Output, exactly and alone, the lines from the one containing "Vue des quais à Lyon." through the last line of the material below, both ends included.

##########

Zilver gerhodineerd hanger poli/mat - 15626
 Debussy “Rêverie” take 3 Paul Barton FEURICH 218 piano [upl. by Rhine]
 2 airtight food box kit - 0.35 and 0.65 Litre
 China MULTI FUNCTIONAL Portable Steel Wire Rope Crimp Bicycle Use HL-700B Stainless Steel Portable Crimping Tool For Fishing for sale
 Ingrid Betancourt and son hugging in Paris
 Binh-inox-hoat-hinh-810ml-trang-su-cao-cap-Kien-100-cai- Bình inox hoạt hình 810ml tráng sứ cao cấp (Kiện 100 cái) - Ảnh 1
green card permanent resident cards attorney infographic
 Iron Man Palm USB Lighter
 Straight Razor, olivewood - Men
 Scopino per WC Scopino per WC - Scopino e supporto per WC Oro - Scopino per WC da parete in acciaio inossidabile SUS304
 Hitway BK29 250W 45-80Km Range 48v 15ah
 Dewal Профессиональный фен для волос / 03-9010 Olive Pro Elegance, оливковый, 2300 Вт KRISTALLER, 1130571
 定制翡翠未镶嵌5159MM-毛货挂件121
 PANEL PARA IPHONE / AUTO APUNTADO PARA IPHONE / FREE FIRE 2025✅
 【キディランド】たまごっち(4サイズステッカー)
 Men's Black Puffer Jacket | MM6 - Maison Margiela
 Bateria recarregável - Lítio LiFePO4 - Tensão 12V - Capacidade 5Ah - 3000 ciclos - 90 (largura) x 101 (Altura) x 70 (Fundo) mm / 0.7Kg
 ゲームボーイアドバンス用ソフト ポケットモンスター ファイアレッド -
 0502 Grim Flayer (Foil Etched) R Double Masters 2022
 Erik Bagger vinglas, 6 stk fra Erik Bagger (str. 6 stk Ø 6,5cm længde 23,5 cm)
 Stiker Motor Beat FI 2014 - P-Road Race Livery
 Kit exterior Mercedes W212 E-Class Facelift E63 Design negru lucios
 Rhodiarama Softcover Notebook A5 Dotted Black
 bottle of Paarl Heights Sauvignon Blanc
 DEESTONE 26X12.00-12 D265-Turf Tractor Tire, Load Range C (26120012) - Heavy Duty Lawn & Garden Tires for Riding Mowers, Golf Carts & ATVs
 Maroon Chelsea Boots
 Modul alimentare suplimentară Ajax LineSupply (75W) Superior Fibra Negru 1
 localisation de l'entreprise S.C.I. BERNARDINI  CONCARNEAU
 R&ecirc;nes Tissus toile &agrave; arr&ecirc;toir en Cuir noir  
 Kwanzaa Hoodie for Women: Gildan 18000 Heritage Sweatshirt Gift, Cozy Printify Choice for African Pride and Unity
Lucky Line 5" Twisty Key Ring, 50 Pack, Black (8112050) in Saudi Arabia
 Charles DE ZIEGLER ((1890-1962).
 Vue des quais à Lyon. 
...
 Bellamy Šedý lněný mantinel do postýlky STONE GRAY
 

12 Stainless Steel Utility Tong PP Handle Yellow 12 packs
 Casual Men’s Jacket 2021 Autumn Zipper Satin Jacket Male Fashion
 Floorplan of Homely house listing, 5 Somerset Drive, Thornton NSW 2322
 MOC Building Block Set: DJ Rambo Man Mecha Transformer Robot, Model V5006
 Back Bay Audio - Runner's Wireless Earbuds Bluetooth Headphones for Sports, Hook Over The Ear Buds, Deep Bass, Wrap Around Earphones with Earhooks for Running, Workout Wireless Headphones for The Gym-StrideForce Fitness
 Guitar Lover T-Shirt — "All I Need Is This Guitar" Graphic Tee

##########

ANSWER TO THIS EXERCISE:
 Vue des quais à Lyon. 
...
 Bellamy Šedý lněný mantinel do postýlky STONE GRAY
 

12 Stainless Steel Utility Tong PP Handle Yellow 12 packs
 Casual Men’s Jacket 2021 Autumn Zipper Satin Jacket Male Fashion
 Floorplan of Homely house listing, 5 Somerset Drive, Thornton NSW 2322
 MOC Building Block Set: DJ Rambo Man Mecha Transformer Robot, Model V5006
 Back Bay Audio - Runner's Wireless Earbuds Bluetooth Headphones for Sports, Hook Over The Ear Buds, Deep Bass, Wrap Around Earphones with Earhooks for Running, Workout Wireless Headphones for The Gym-StrideForce Fitness
 Guitar Lover T-Shirt — "All I Need Is This Guitar" Graphic Tee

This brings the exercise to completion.